*Task directions*.
Only one stretch of the data is wanted: the line containing "Aerial perspective of", the line containing "a white house", and every line between them, copied exactly.

*Data excerpts*.

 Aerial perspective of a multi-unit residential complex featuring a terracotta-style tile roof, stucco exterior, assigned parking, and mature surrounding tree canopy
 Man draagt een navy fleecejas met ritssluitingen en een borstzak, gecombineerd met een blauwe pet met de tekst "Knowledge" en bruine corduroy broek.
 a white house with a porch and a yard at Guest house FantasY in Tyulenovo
==
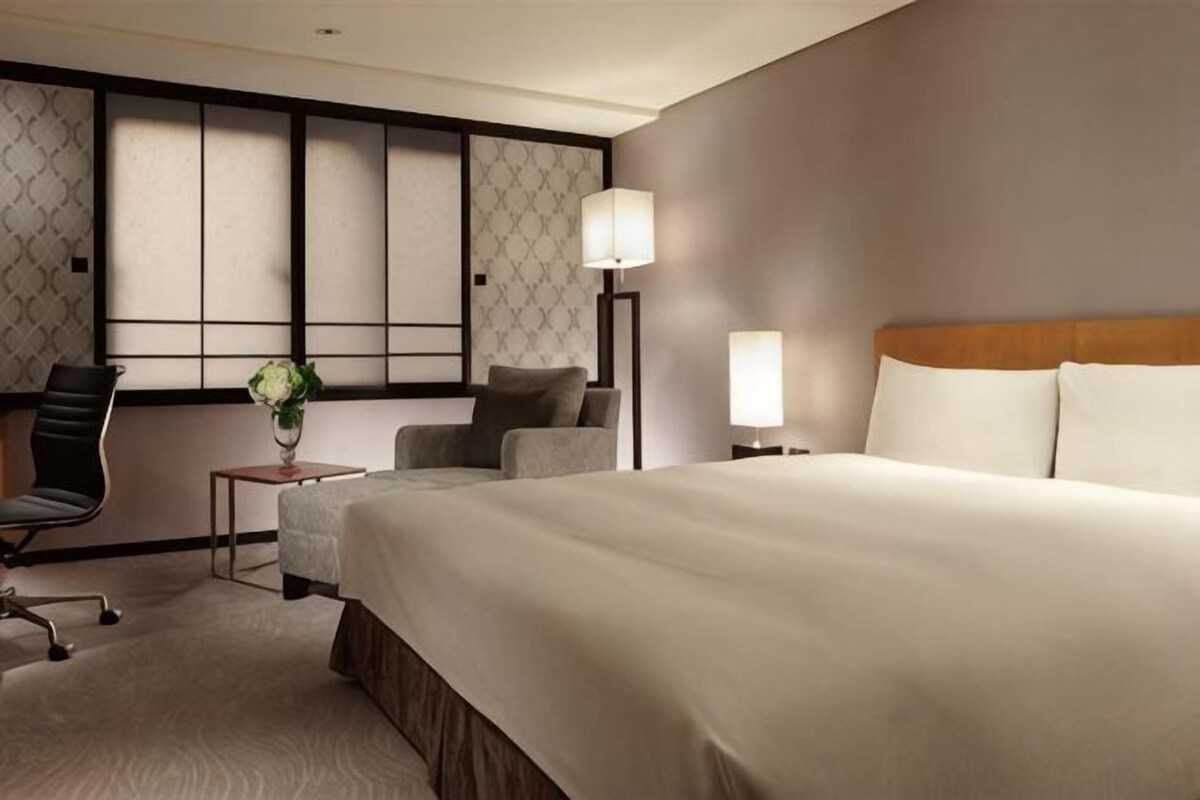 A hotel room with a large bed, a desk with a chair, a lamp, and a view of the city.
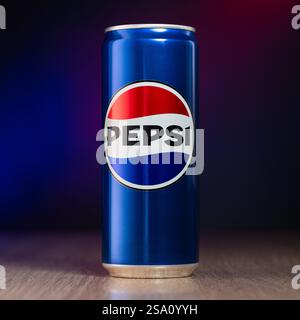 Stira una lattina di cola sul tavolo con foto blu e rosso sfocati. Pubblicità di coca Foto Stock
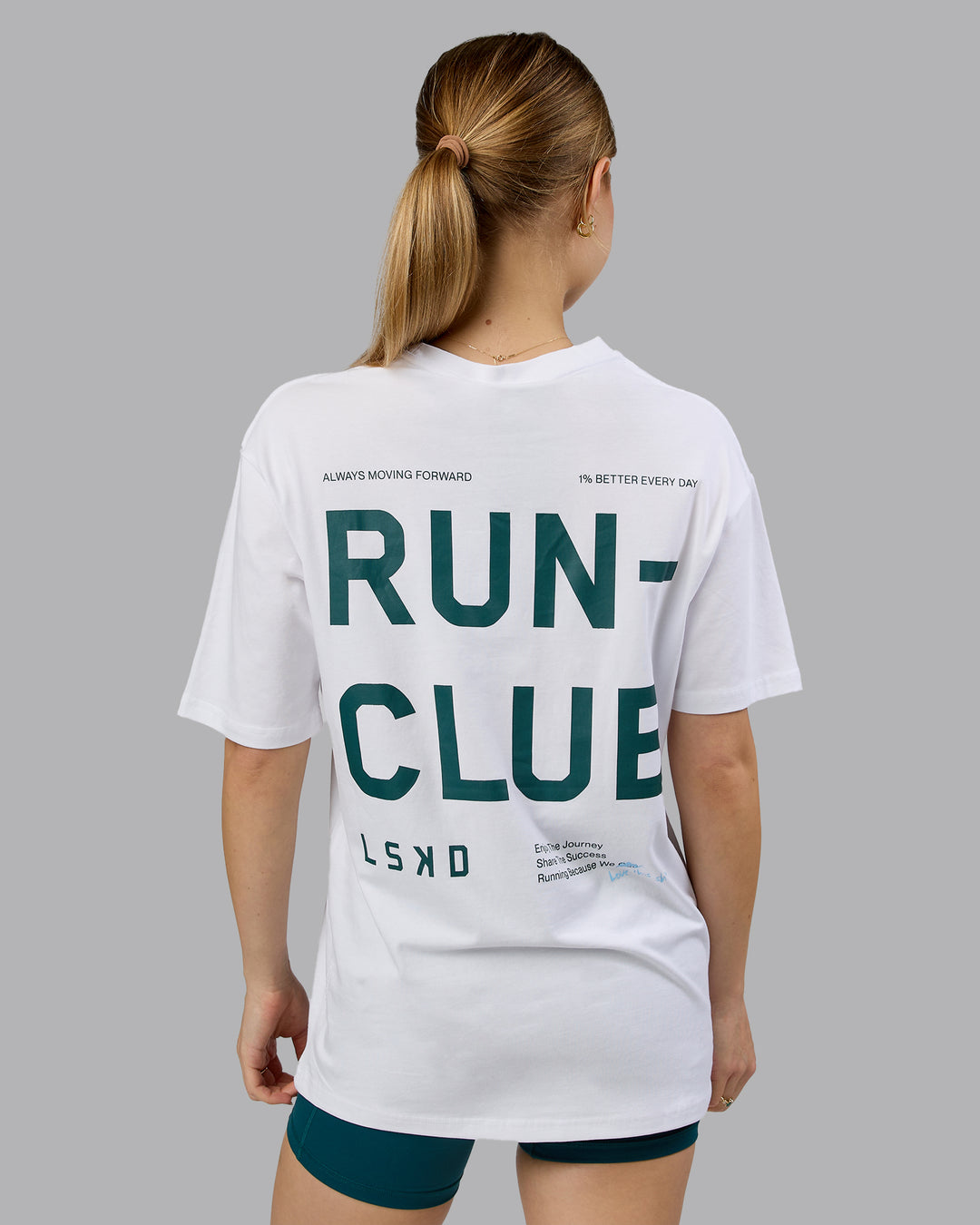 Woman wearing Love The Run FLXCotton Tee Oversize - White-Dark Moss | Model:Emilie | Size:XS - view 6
---
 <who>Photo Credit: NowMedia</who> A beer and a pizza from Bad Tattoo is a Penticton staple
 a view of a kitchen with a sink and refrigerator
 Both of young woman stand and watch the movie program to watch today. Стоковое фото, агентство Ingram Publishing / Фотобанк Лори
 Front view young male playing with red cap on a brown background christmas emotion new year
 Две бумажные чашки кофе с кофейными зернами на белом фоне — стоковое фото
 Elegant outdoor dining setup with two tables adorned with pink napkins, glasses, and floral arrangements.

*Result of this task*.
 Aerial perspective of a multi-unit residential complex featuring a terracotta-style tile roof, stucco exterior, assigned parking, and mature surrounding tree canopy
 Man draagt een navy fleecejas met ritssluitingen en een borstzak, gecombineerd met een blauwe pet met de tekst "Knowledge" en bruine corduroy broek.
 a white house with a porch and a yard at Guest house FantasY in Tyulenovo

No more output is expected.